How many sheep must I count before you stop skipping over and over the fence in my head? Freud held no answers for why I dreamt about you nearly every night till I was awoken by the sweet embrace of a reality in which you weren’t real. When I knocked on your door, it displayed no sign warning me of the dangers that lay within. When you held your hand out for mine to hold, no software warned me that this site was dangerous. I ignored the voice that asked me if I was sure I wished to proceed. I double-clicked yes.

I searched high and low, when I was high and low, for answers to explain why our time together was so, too.
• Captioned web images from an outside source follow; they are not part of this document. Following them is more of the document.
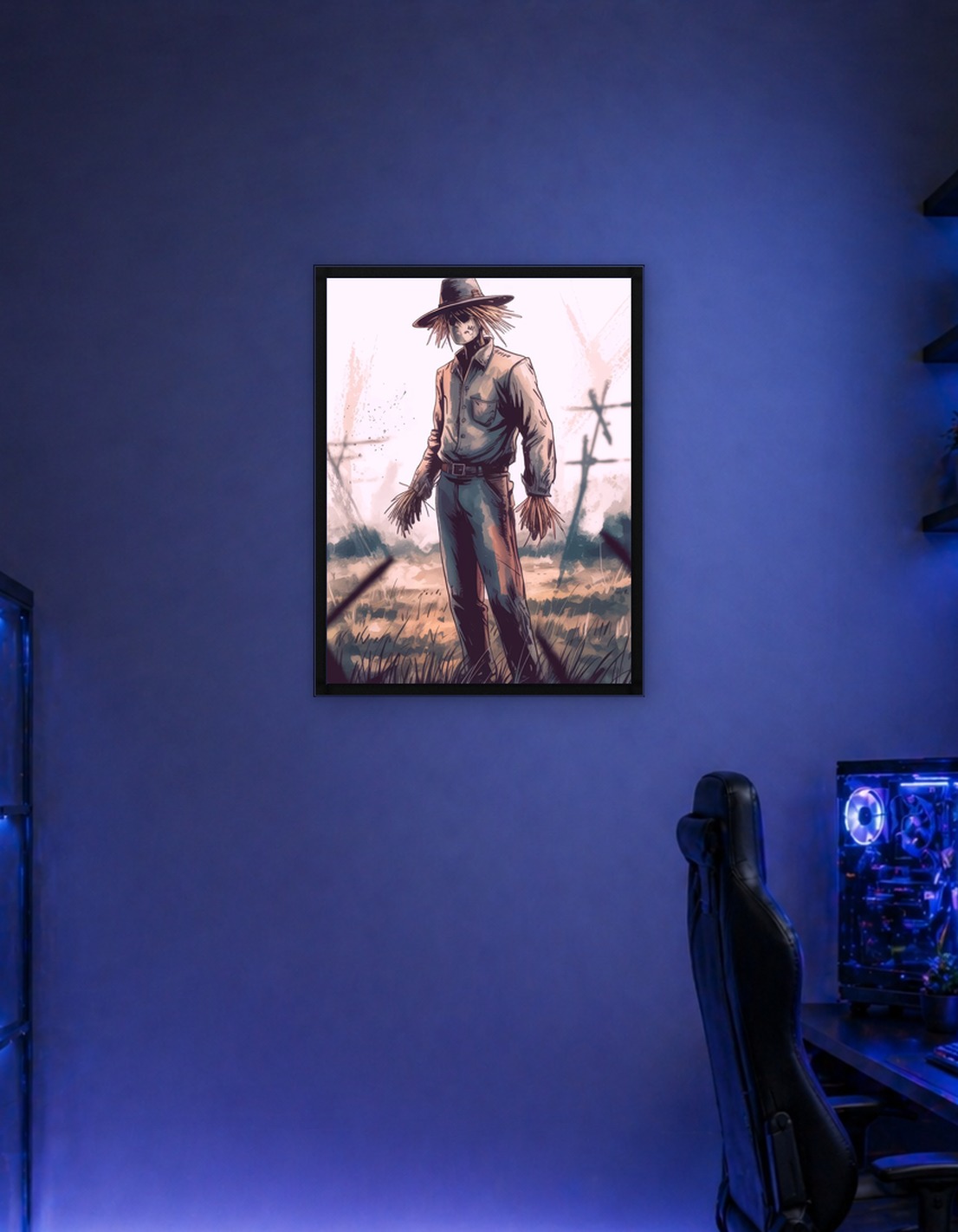Scarecrow in Field Digital Art
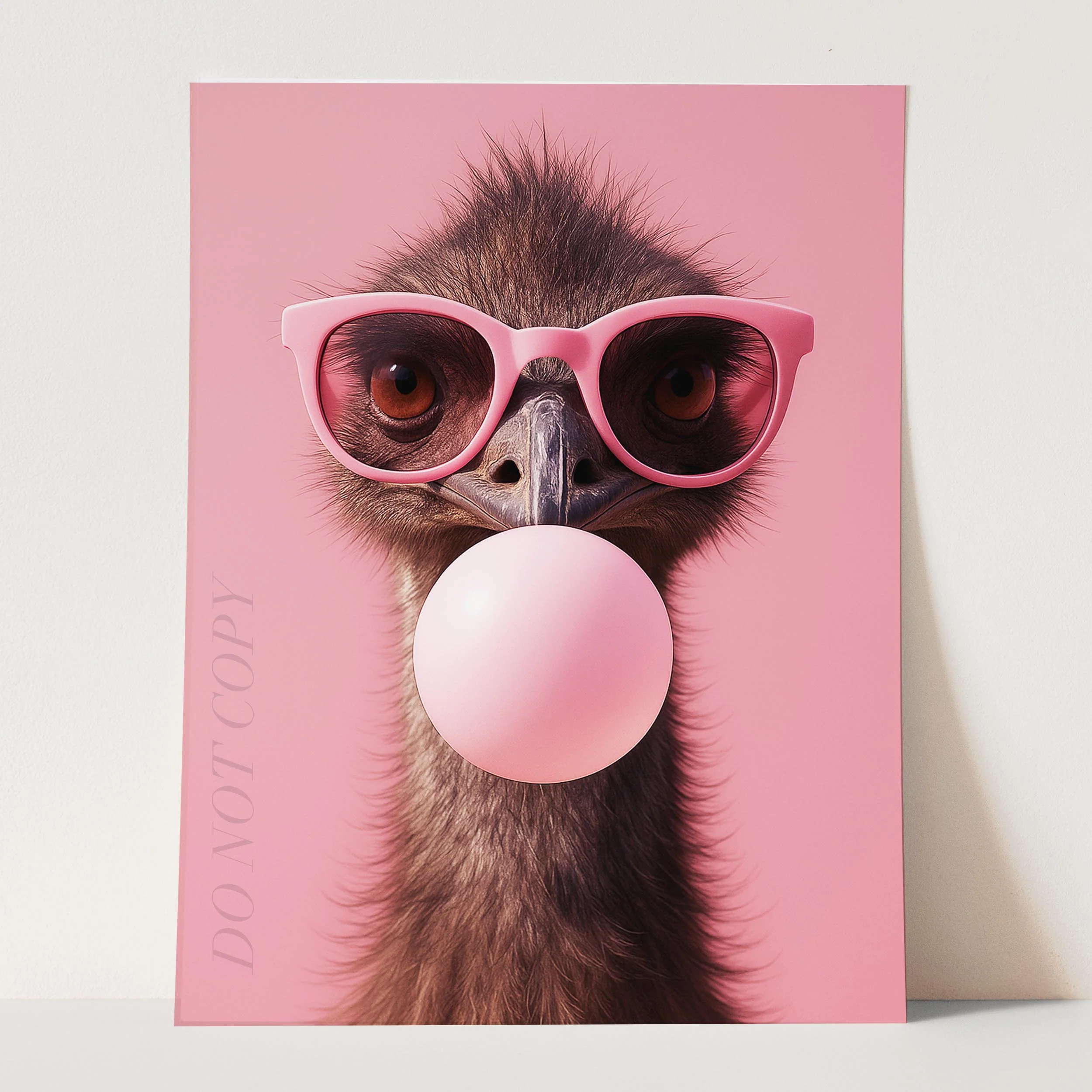 Emu with Sunglasses Blowing Pink Bubble Gum - Image 3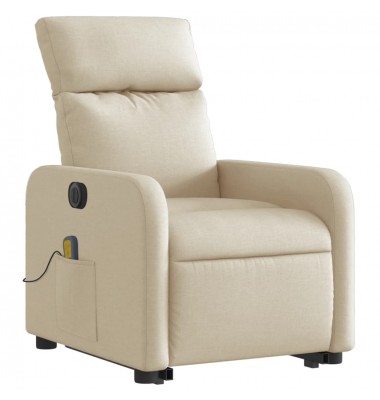  Atsistojantis elektrinis masažinis krėslas, kreminis, audinys - Foteliai, krėslai - 3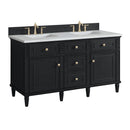 James Martin Lorelai 60" Double Bathroom Vanity, Black Onyx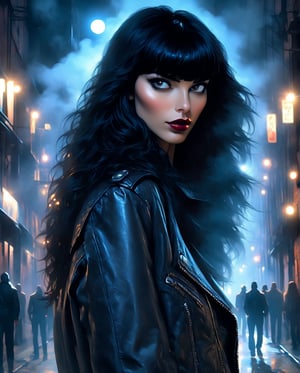 Masterpiece, photorealistic, highly detailed, a young woman with smooth  dark long black hair with bangs and black eyes and black lips, wearing leather jacket and leather pants, standing, looking at camera, in a gloomy smoke filled alley at night with a full moon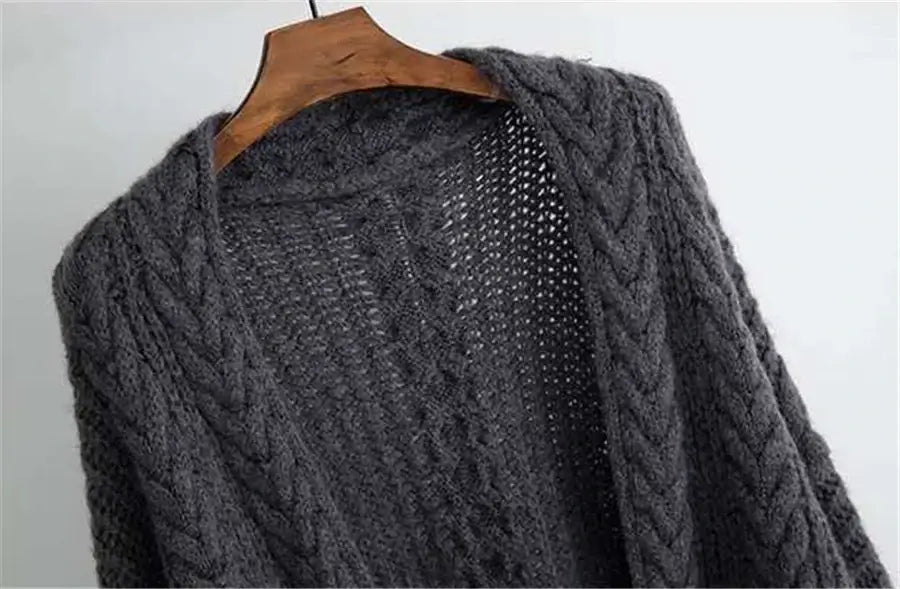 Women Hollow V-Neck Knit Cardigan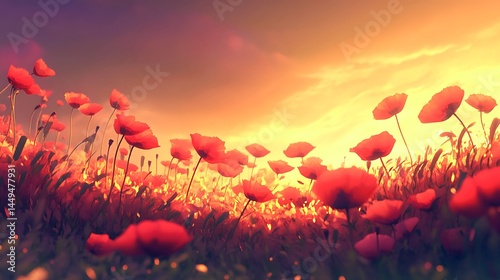 Vibrant Red Poppies Sunset Field Summer Nature Landscape sky art warm view bloom scene light grass  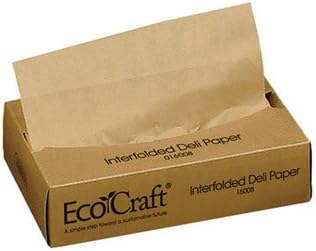 Bagcraft Papercon EcoCraft Interfolded Soy Wax Deli Sheets, 8 x 10 3/4, 500/Box - 12 boxes of 500 sheets each.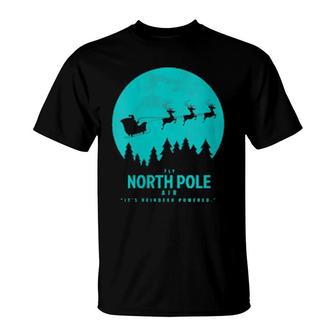Womens Fly North Pole Air With Santa's Reindeer Powered Flight T-Shirt | Mazezy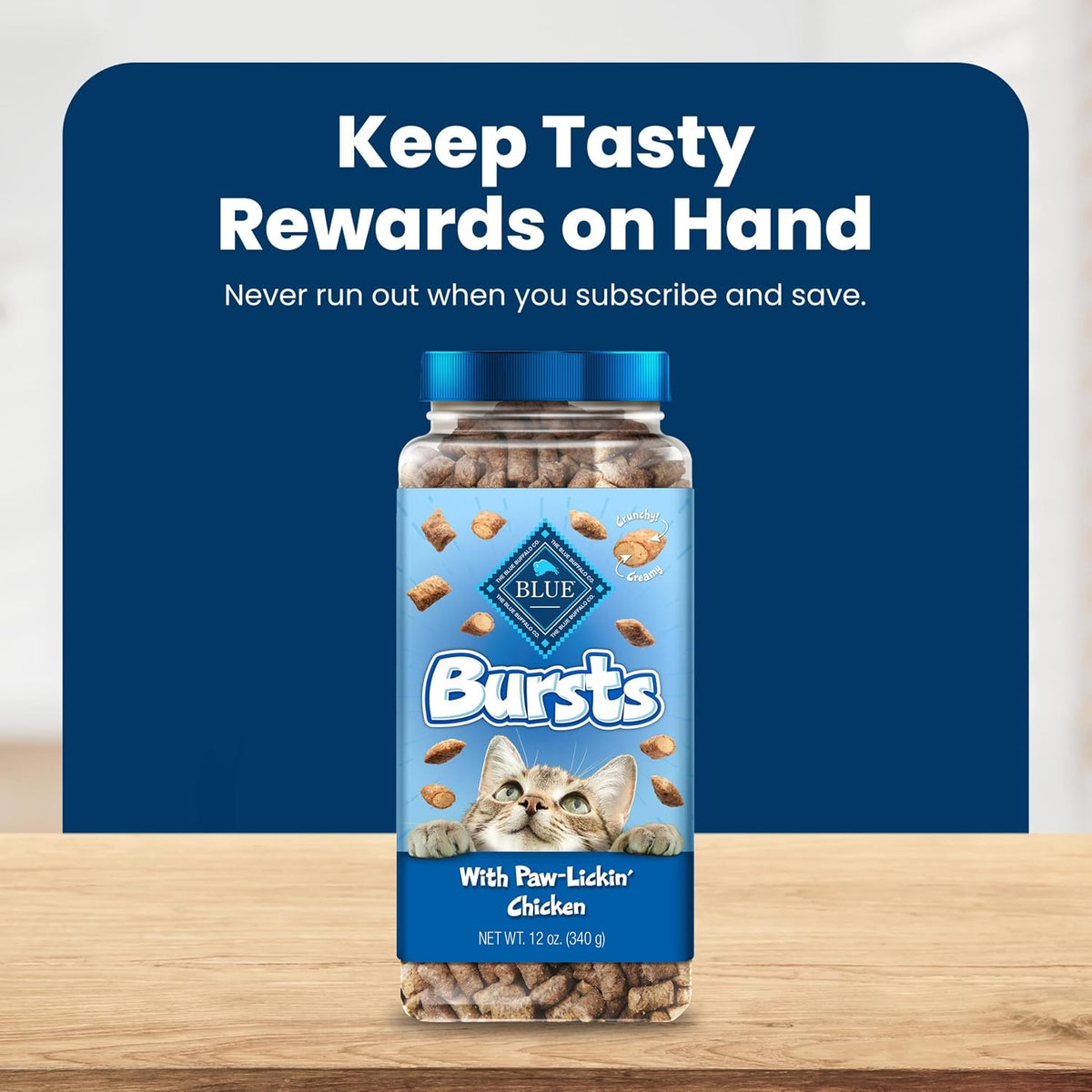 Blue Buffalo Bursts Paw-Lickin' Chicken Crunchy & Creamy Cat Treats, Great for Training, Made with Real Chicken Natural Cat Treats Enhanced with Vitamins, Minerals & Other Nutrients, Tub 12 oz.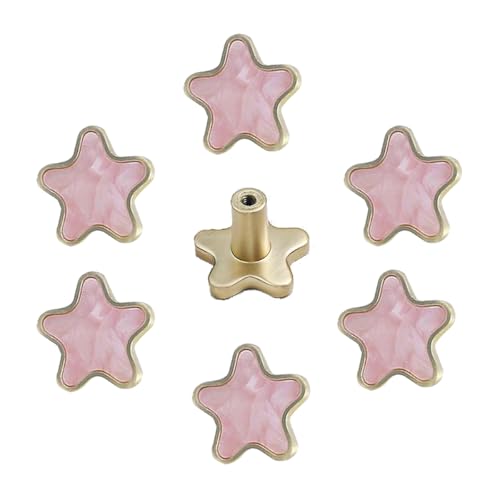 Image of Xinally 8PCS Star Handles Knobs Brass Star-Shape Knobs Drawer Brushed Gold Cabinet Knob for Cabinets, Drawers, Doors, Cabinets, Wardrobes, Closets (Pink)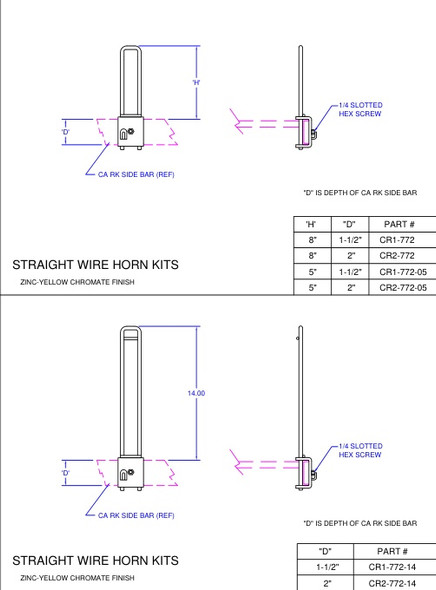 Moreng Telecom CR2-772-05 Wire Horn Kit - 2.0" X 5" - Straight | American Cable Assemblies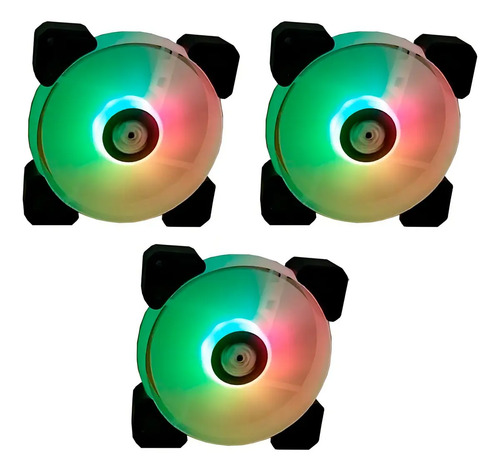 Kit 3 Cooler Fan Led Rgb 120mm Gabinete Gamer C Controladora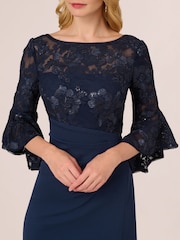 Adrianna Papell Blue Floral Lace Combo Dress - Image 4 of 7
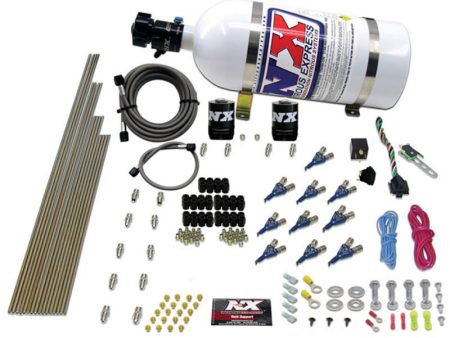 Nitrous Express 10 Cyl Piranha Nozzle Direct Port Nitrous Kit (250-500HP) w 10lb Bottle Online Sale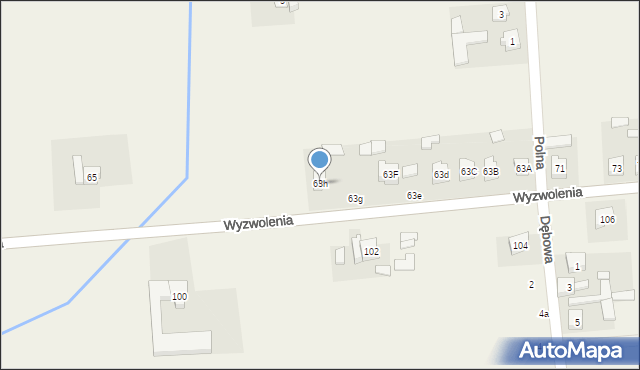 Miedźno, Wyzwolenia, 63h, mapa Miedźno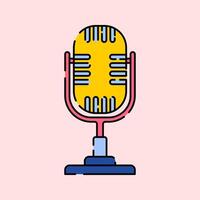 Microphone Icon Illustration with bright colour palette in flat design style for education and future technology theme design. vector
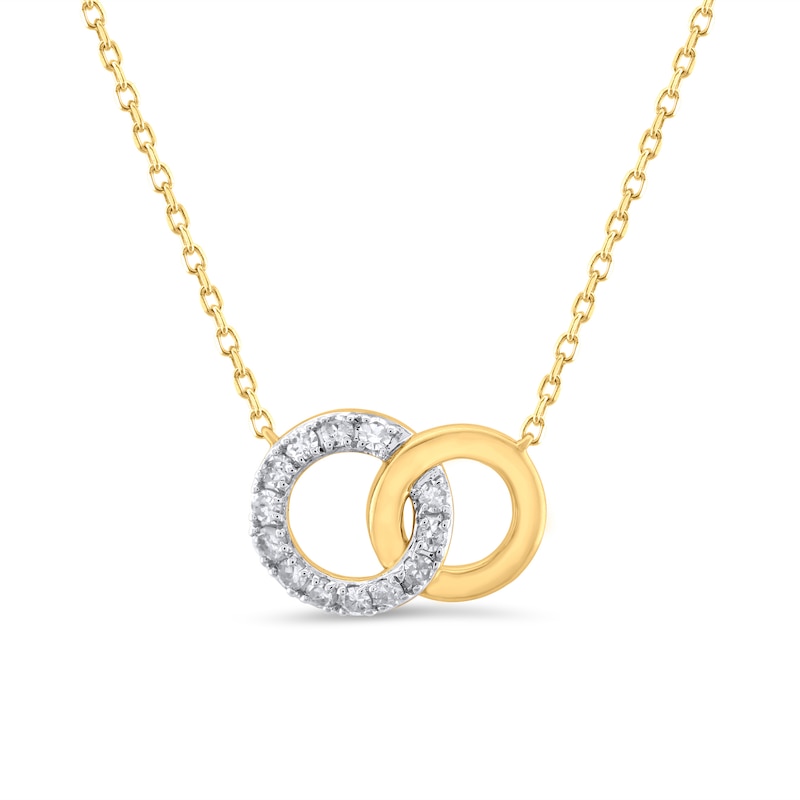 Main Image 1 of 1/10 CT. T.W. Diamond Interlocking Circles Necklace in 10K Gold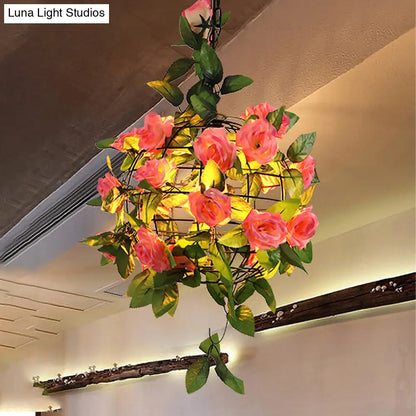 Maple Leaf/Rose/Plant Industrial Pendant Light Bulb - Metal LED Hanging Lamp Kit in Pink/Orange/Green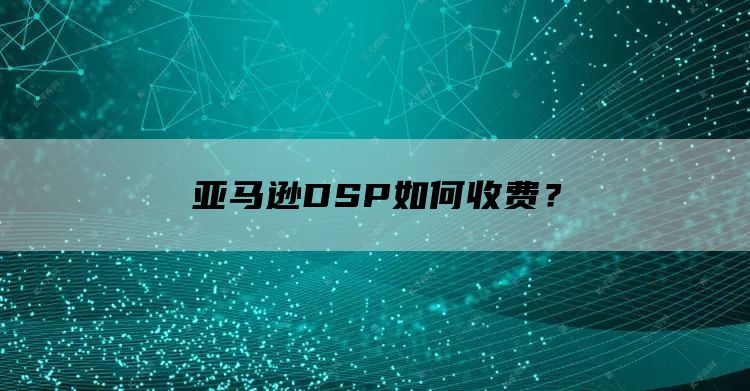 亚马逊DSP如何收费？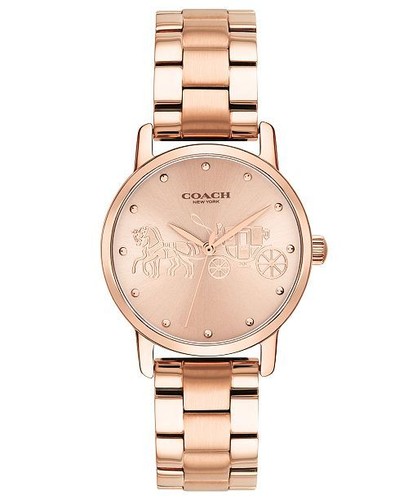 ⌚️COACH?Orologio Donna?Grande Tono Oro Rosa?SS Bracciale?28mm?NUOVO IN SCATOLA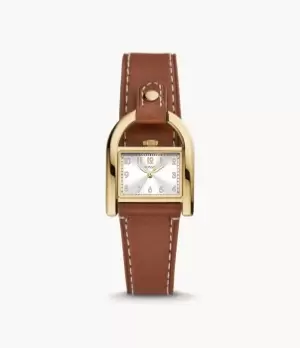 Image of Fossil Women Harwell Three-Hand Medium Brown Leather Watch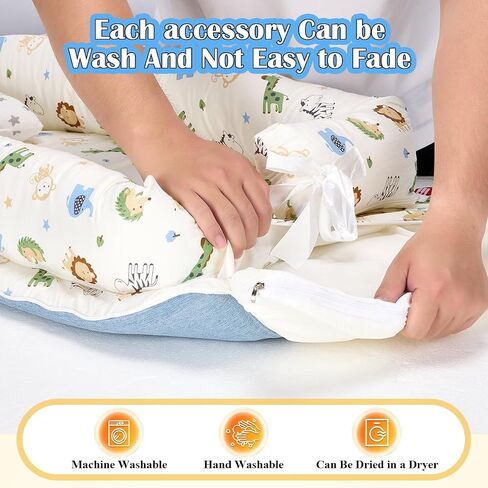 Baby Lounger for Newborn, Portable Breathable Baby Nest Infant Lounger Adjustable U-Shaped Safety Bumper for Cozy Comfort - Grey Houndstooth in Saudi Arabia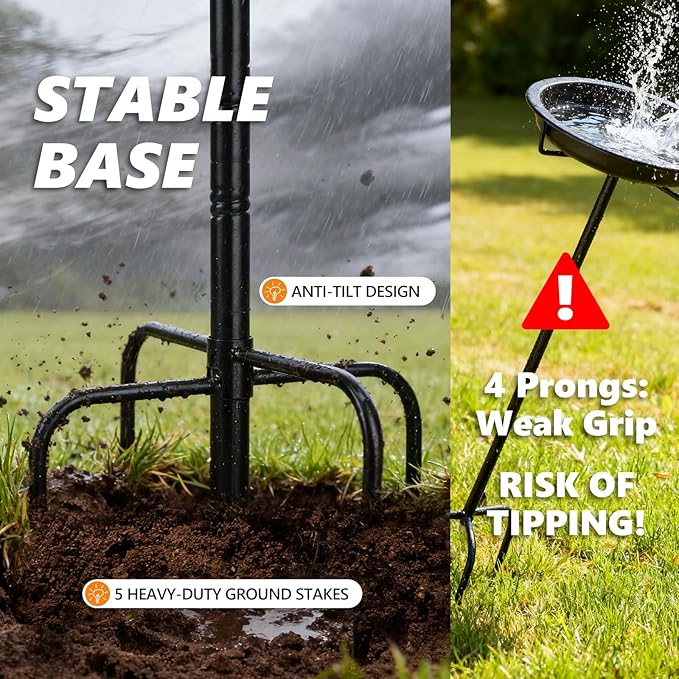 3" Deep 43" Tall Metal Bird Bath for Outdoors, 12" Dia Removable Bird Baths Water Bowl for Outside, Vintage Standing Birdbaths with Stable Stake for Garden Yard Lawn Decor 1.4 Gallon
No library held an Oxford Encyclopaedia of Delusion, to illustrate why I was unsure if you even happened to me, or if I made you up from the fabric of my dreams, as a companion for my own wretched loneliness.

How can I logically interpret why it was my heart and not hers that you chose to toy with, to toss back and forth first enthusiastically — then abandon in favour of a new plaything? How do I wash off the dust of our shared past from my body? What detergent must I use to rid my clothes of the lingering traces of your existence in my life? Your smell clings to my white t-shirt, fresh like the pain it demands, stubborn like your refusal to acknowledge my presence.

I stood outside your window in the rain, asking you to love me. I held up a boom-box and played all your favourite songs. You didn’t Say Anything.

I have scratched my skin raw trying to get you out from underneath it. I’ve done everything to forget anything. I screamed at the universe, begging for a way to delete you from my life. I attempted to murder your memory.

You only died the day you came alive on paper.